_TASK DESCRIPTION_:
Could you write out the listing below exactly as it stands, leaving out the pictures?

_SOURCE MATERIAL_:
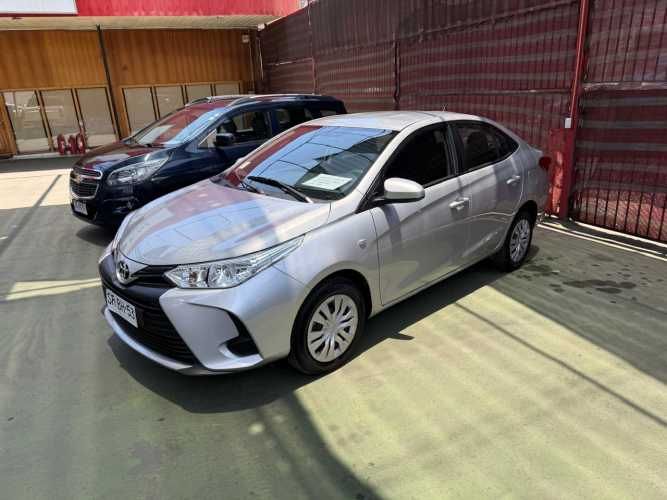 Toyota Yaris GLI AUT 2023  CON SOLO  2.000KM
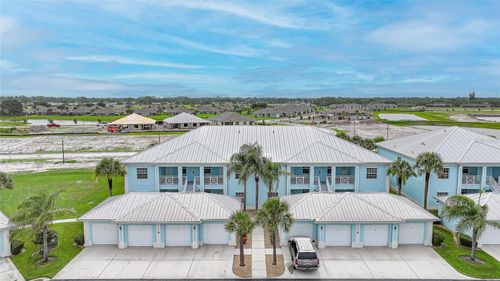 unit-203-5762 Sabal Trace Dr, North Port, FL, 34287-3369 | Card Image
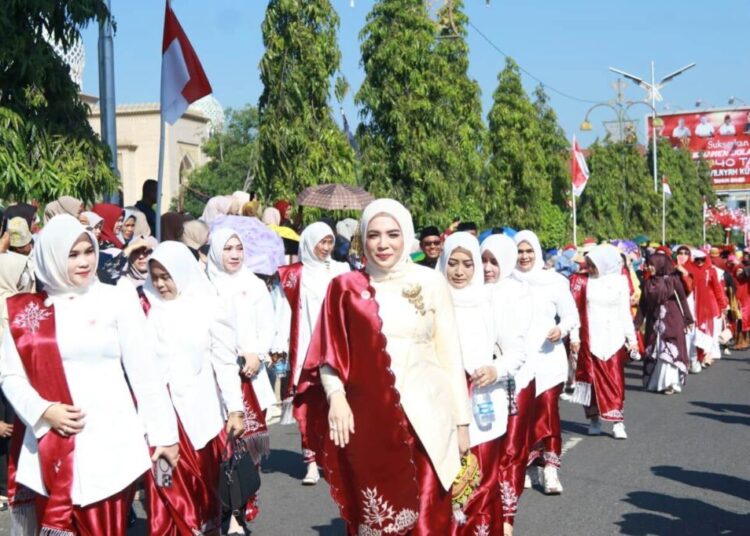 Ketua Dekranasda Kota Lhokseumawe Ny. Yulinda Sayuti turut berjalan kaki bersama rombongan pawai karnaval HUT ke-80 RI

_TASK ANSWER_:
 Toyota Yaris GLI AUT 2023  CON SOLO  2.000KM
 unit-203-5762 Sabal Trace Dr, North Port, FL, 34287-3369 | Card Image
 Ketua Dekranasda Kota Lhokseumawe Ny. Yulinda Sayuti turut berjalan kaki bersama rombongan pawai karnaval HUT ke-80 RI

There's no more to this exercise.